# DATA SHOWN
┄┄┄┄┄┄┄┄┄┄┄┄┄┄┄┄┄┄┄┄
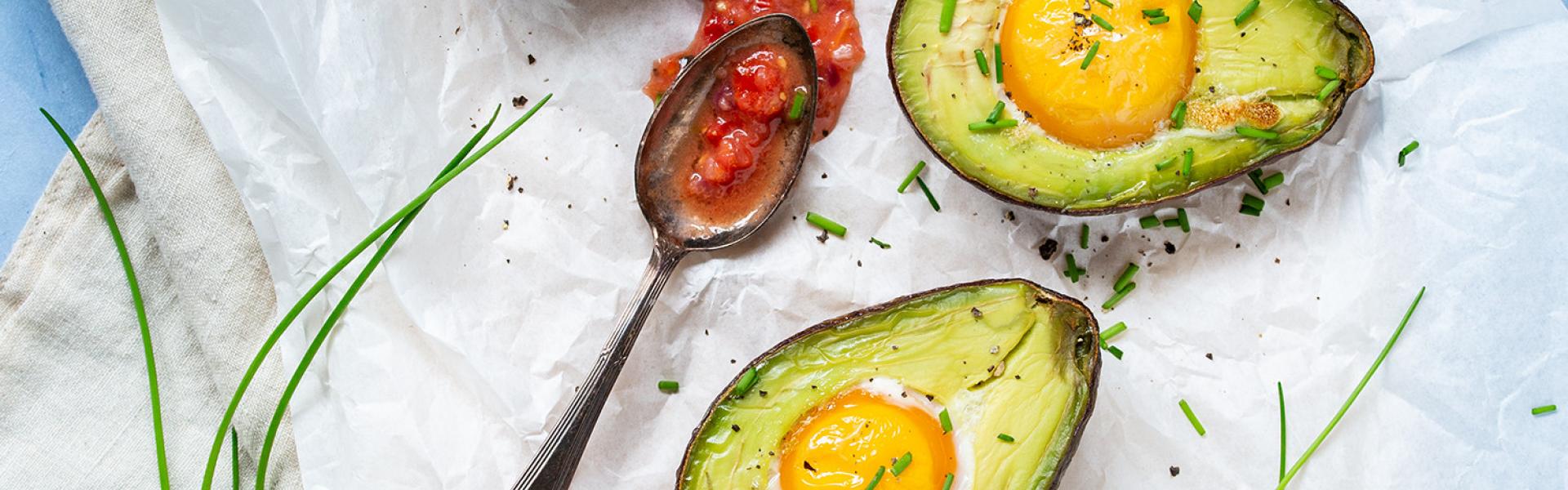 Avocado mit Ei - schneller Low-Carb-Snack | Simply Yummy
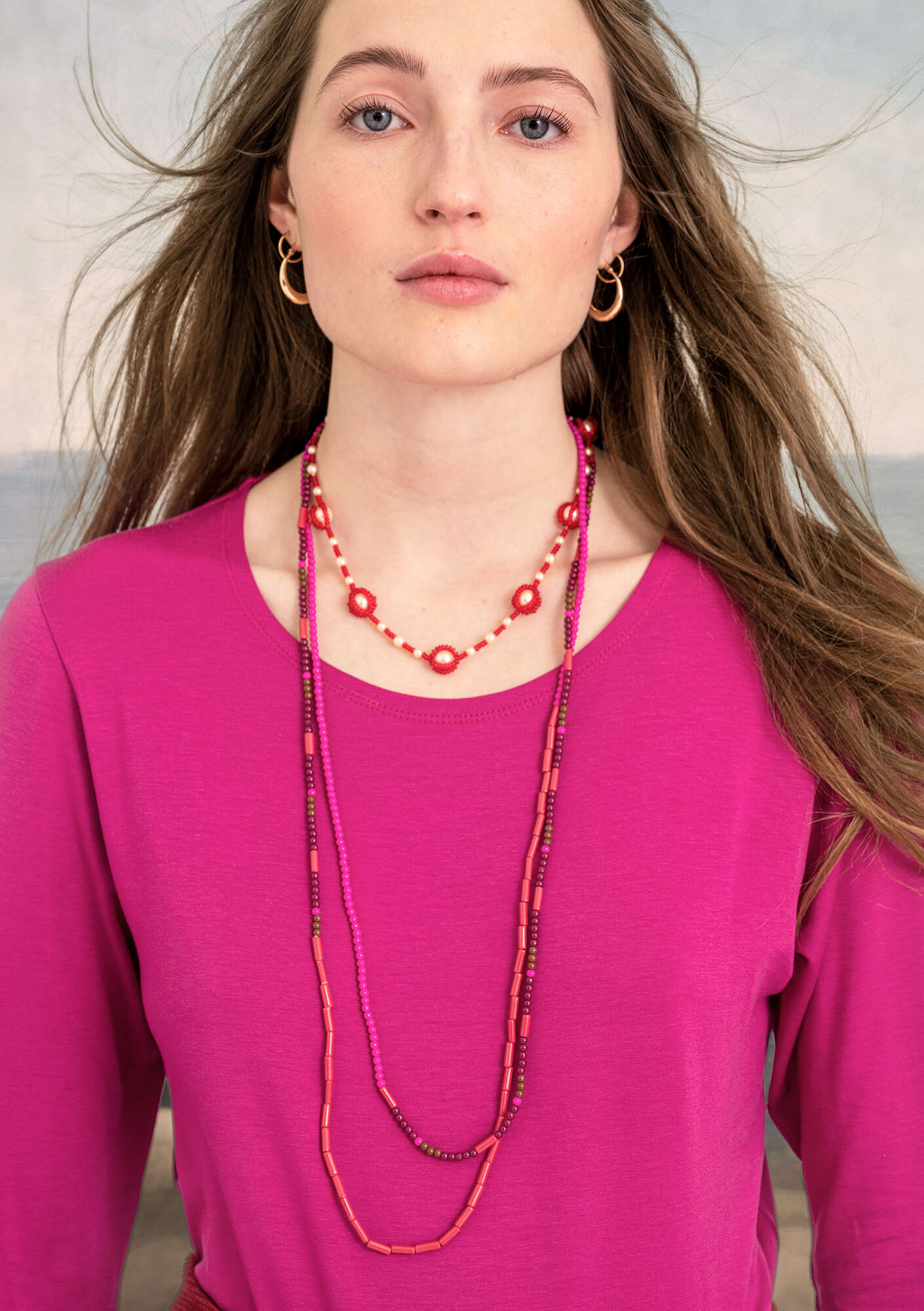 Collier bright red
┄┄┄┄┄┄┄┄┄┄┄┄┄┄┄┄┄┄┄┄
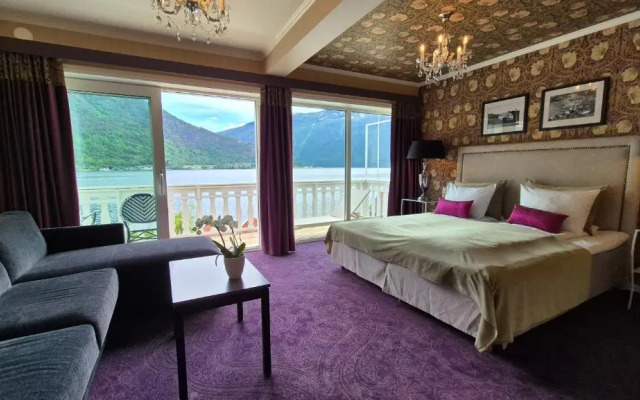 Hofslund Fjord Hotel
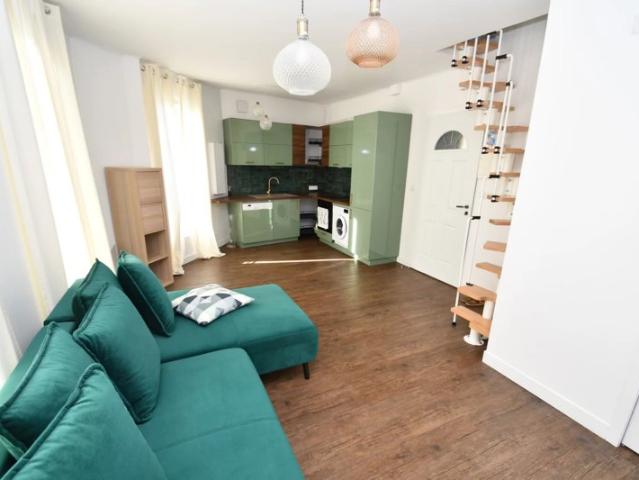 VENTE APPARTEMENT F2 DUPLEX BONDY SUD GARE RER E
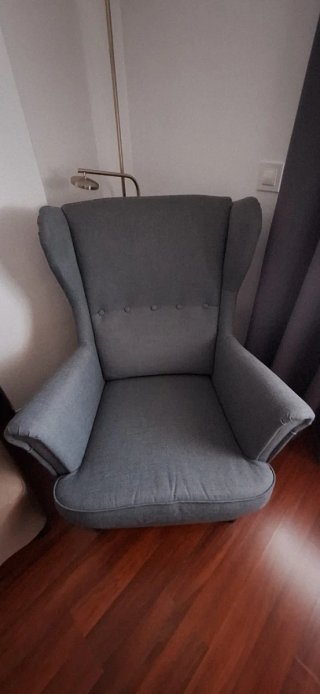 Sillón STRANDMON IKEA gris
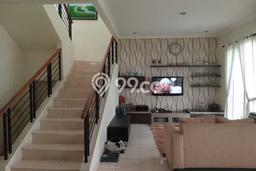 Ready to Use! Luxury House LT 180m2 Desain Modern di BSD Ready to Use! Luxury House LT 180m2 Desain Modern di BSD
┄┄┄┄┄┄┄┄┄┄┄┄┄┄┄┄┄┄┄┄
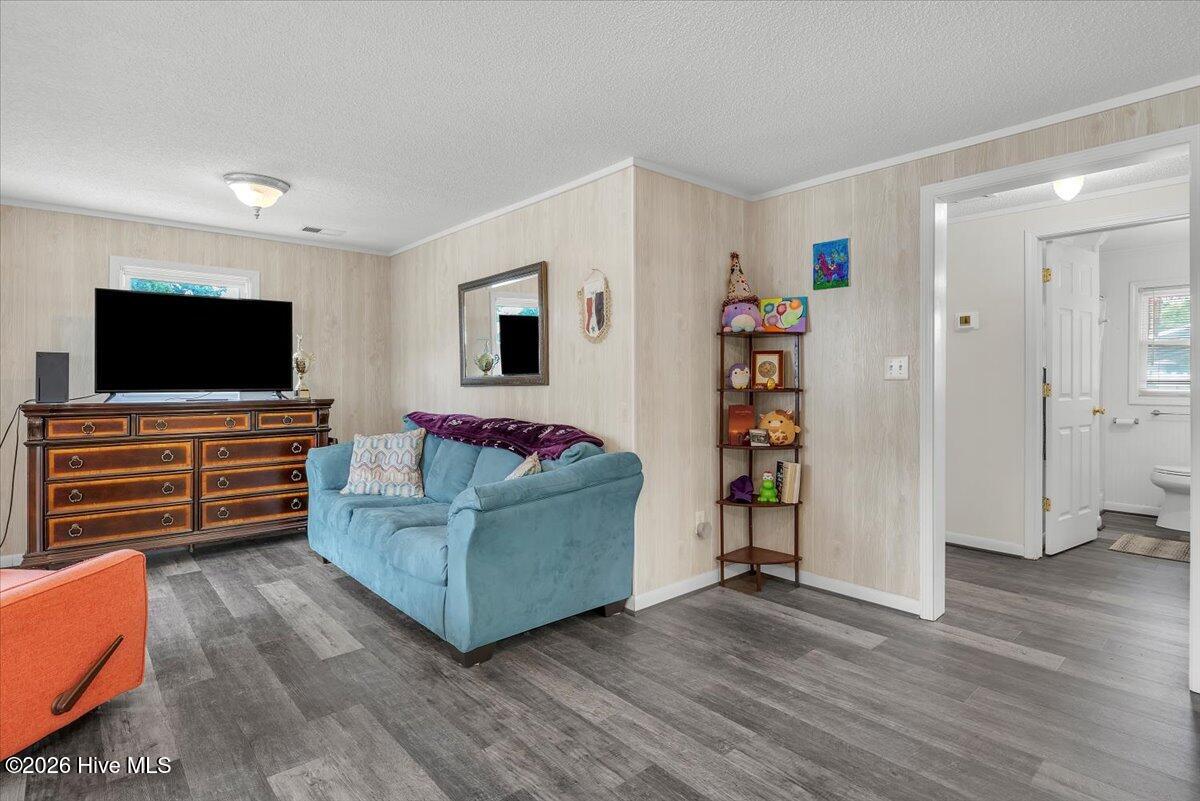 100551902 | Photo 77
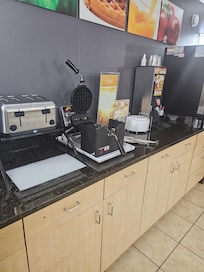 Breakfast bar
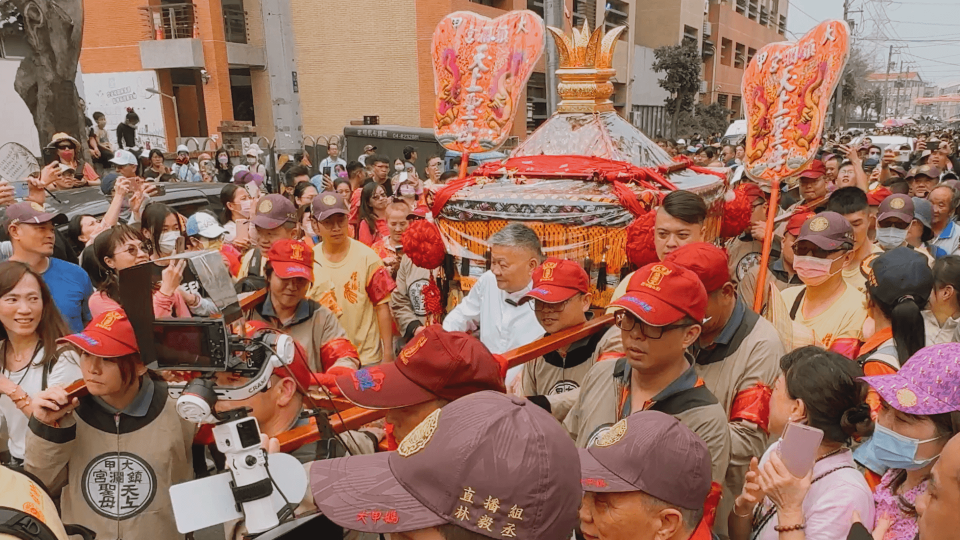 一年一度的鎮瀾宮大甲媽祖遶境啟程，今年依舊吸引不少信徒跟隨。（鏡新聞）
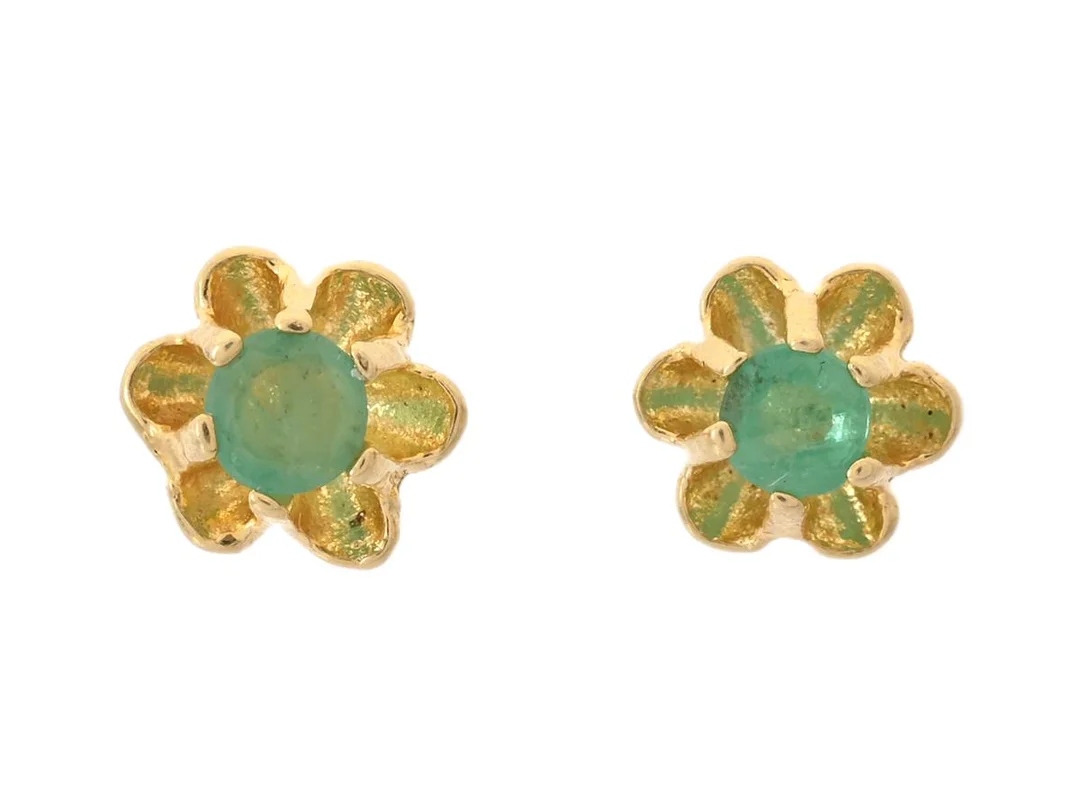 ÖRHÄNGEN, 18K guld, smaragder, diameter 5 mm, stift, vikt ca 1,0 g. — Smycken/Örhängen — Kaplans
┄┄┄┄┄┄┄┄┄┄┄┄┄┄┄┄┄┄┄┄
Nothing except the lines from the one containing "Avocado mit Ei" through the one containing "Collier bright red" should appear in the answer, exactly as above and without pictures.

# EXPECTED ANSWER
 Avocado mit Ei - schneller Low-Carb-Snack | Simply Yummy
 Collier bright red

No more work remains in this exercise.